(EXERCISE) Collect all lines from the records below that include the word "using".

(RECORDS PROVIDED)
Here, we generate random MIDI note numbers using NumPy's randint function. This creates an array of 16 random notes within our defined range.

* * *

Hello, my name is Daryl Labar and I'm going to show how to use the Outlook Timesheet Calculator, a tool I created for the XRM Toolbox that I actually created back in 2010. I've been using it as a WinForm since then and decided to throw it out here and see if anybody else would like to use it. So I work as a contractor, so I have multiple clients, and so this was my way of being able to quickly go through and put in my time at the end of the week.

---

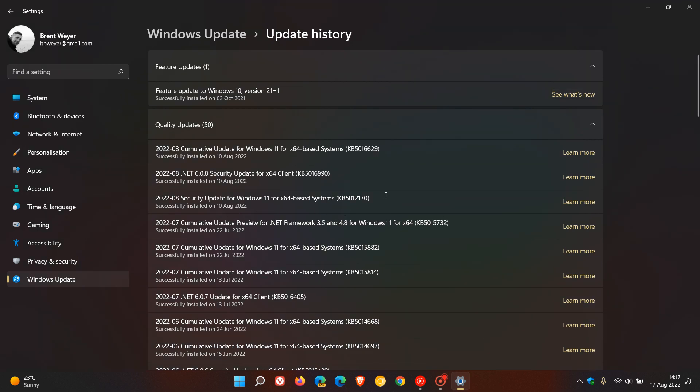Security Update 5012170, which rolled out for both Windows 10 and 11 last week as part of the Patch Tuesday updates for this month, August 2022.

(TASK OUTPUT)
Here, we generate random MIDI note numbers using NumPy's randint function. This creates an array of 16 random notes within our defined range.
Hello, my name is Daryl Labar and I'm going to show how to use the Outlook Timesheet Calculator, a tool I created for the XRM Toolbox that I actually created back in 2010. I've been using it as a WinForm since then and decided to throw it out here and see if anybody else would like to use it. So I work as a contractor, so I have multiple clients, and so this was my way of being able to quickly go through and put in my time at the end of the week.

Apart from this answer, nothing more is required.